Deadliest month for Syria civilians in US-led strikes


U.S.-led air strikes on Syria killed a total of 225 civilians over the past month, a monitor said Tuesday, the highest 30-day toll since the campaign began in 2014.

The Syrian Observatory for Human Rights said the civilian dead between April 23 and May 23 included 44 children and 36 women. The U.S.-led air campaign against the Daesh terrorist group in Syria began on September 23, 2014. "The past month of operations is the highest civilian toll since the coalition began bombing Syria," Observatory head Rami Abdel Rahman told AFP. "There has been a very big escalation."

The past month's deaths brought the overall civilian toll from the coalition campaign to 1,481, among them 319 children, the Britain-based monitoring group said.

The U.S. military said in May that coalition air strikes in Syria and Iraq had "unintentionally" killed 352 civilians since operations against Daesh began. The strikes between April 23 and May 23 also killed 122 Daesh militants and eight fighters loyal to the Syrian regime, the Observatory said.
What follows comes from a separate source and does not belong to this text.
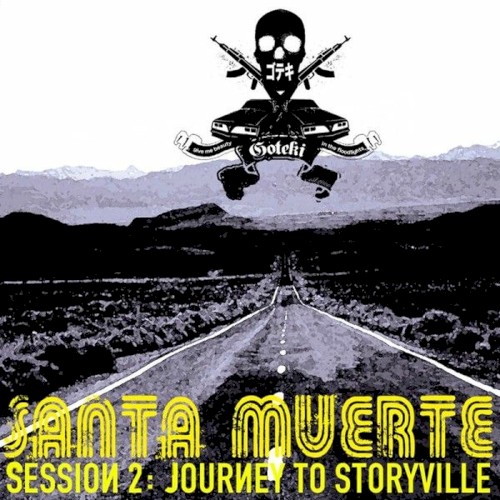 Santa Muerte, Session 2: Journey to Storyville封面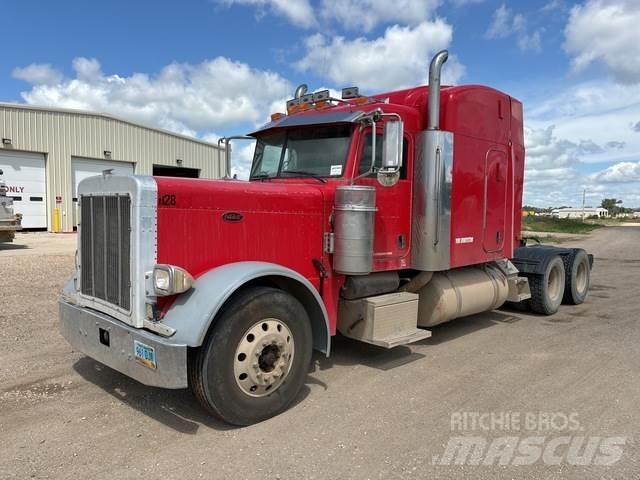 Peterbilt 379 Vlačilci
The U.S.-led coalition has been bombing Daesh in Syria since 2014 and is backing an offensive to defeat the group in Raqqa city, the de facto heart of the group's so-called "Islamic caliphate."

The regime's news agency SANA also reported the air raid, accusing the U.S.-led coalition of inflicting "dozens" of casualties and almost completely destroying the school site.

In March, the coalition said its raids Syria and in Iraq and unintentionally killed at least 220 civilians. But other monitors say the number is much higher. More than 320,000 people have been killed and millions more displaced since Syria's conflict erupted in March 2011 with protests against Bashar Al-Assad.

Meanwhile, an explosion in the central Syrian city of Homs yesterday killed at least four people and wounded more than two dozen while Assad forces "destroyed" a truck bomb near the Damascus airport, Syria's state media reported. The blast in Homs came two days after opposition fighters left al-Waer, the city's last opposition-held neighborhood, bringing the entire city back under regime control for the first time in more than five years.